L'ouverture de la procréation médicalement assistée (PMA) en août 2021 aux couples de femmes et aux femmes seules aurait pu les détourner des réseaux sociaux et forums où se rencontrent donneurs "artisanaux" et parents en attente d'enfant. Mais ce public est toujours présent sur ces plateformes parallèles.

Exclues

La "PMA pour toutes" a de fait entraîné un afflux de nouvelles demandes de dons de spermatozoïdes — 15.000 en 2022 contre 2.000 annuelles auparavant selon l'Agence de la biomédecine  — et fait grimper les délais d'attente.
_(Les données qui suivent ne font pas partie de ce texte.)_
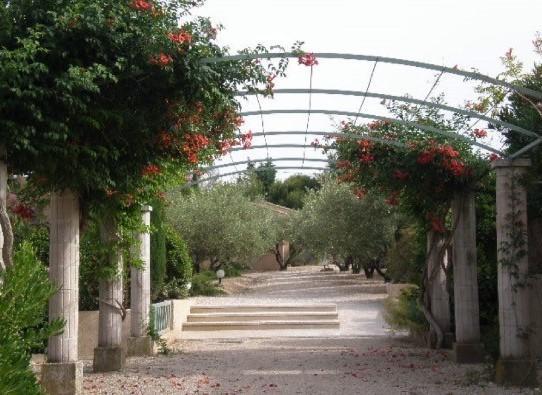 فيلا Le Mazet 40 Saint-Rémy-de-Provence المظهر الخارجي الصورة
La PMA "classique" ? Un parcours trop "compliqué" et coûteux, raconte à l'AFP Alma (tous les prénoms sont modifiés), 26 ans, qui craignait en tant que jeune femme seule de devoir "prouver [sa] légitimité" en recueillant l'accord d'un médecin et d'un psychologue.

"Ces futurs parents estiment avoir le droit de faire famille en dehors du parcours institutionnel", analyse le sociologue spécialiste de la famille François de Singly.
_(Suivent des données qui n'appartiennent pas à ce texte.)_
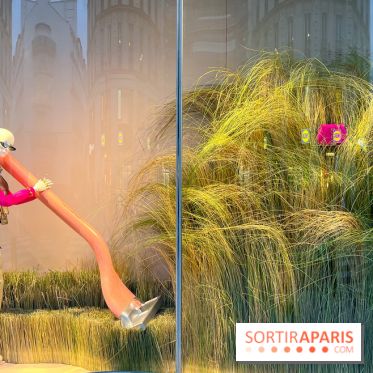 Paris à Poil(s) à la Samaritaine - image00007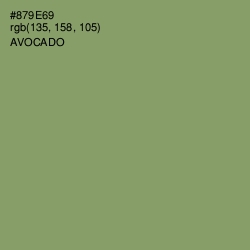 #879E69 - Avocado Color Image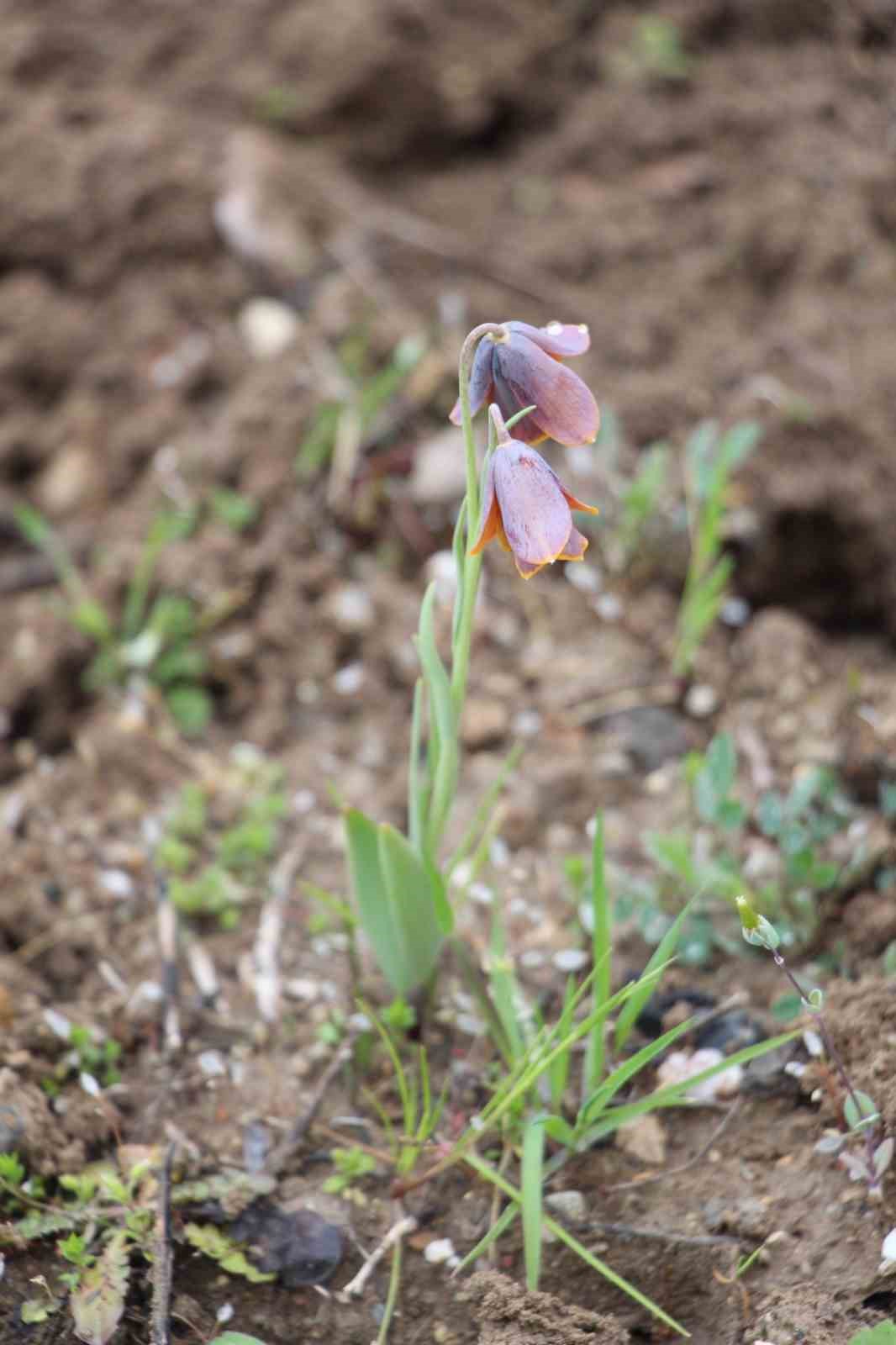 Gediz MYO kampüsünde sürpriz ’Ters Lale’
Gediz MYO kampüsünde sürpriz ’Ters Lale’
Recourir à un don de sperme d'une connaissance (la "procréation amicalement assistée") ou d'un (semi) inconnu, permet parfois davantage de garantir "l'accès aux origines et la maîtrise des informations" sur le géniteur, indique Marie Jourdain de l'Association des parents gays et lesbiens (APGL).

Les enfants nés de dons légaux récoltés après le 1ᵉʳ septembre 2022 auront le droit d'accéder à des informations sur leur donneur une fois adultes. Mais les paillettes de sperme soumises à l'ancienne législation permettant l'anonymat du donneur pourront être écoulées jusqu'au 31 mars 2025.

Karl, dont la femme ne peut bénéficier d'un parcours d'aide à la procréation en France, souhaite que d'autres exclus de la PMA "ne subissent pas les mêmes souffrances psychologiques". À raison d'une dizaine de dons mensuels, ce consultant de 43 ans explique être à l'origine de quatre grossesses en moins de deux ans.

Un autre donneur "illicite", âgé de 64 ans, affirme avoir engendré depuis 2007 pas moins de 120 enfants, un chiffre que l'AFP n'a pas été en mesure de vérifier.

"Je tiens une liste des naissances, que je donne uniquement aux parents", déclare-t-il. Afin d'éviter les risques de consanguinité, la loi limite pourtant à 10 le nombre d'enfants issus d'un même donneur de sperme.

Médiatisé depuis 2016, époque où il disait comptabiliser moitié moins de naissances, celui qui se surnomme "Superpapa" confie ne plus être en contact avec ses quatre propres enfants.

Il anime plusieurs groupes Facebook de mise en relation entre donneurs et "receveuses". Chaque membre doit préciser s'il souhaite une coparentalité, et la méthode désirée : "artisanale" à l'aide d'une pipette ; "semi-naturelle" avec pénétration au dernier moment ; ou "naturelle".

"Pas mal de donneurs, en arrivant à un rendez-vous prévu en don artisanal, imposent aux parents une méthode naturelle", regrette le modérateur, qui cite aussi des cas de demandes de contreparties financières.

S'ajoutent l'absence de garanties de tests médicaux et génétiques, mais aussi un risque juridique. "Le donneur peut changer d'avis et reconnaître l'enfant comme le sien à partir de la conception, n'importe quand, dans le cadre d'un projet solo, ou jusqu'au jugement d'adoption dans le cadre d'un couple de femmes", prévient Marie Jourdan de l'APGL.

Une possibilité qui n'effraie pas Alma, qui a accouché d'un petit garçon en août 2022 grâce à un don artisanal, et l'assure : "C'est la meilleure décision que j'ai prise de ma vie."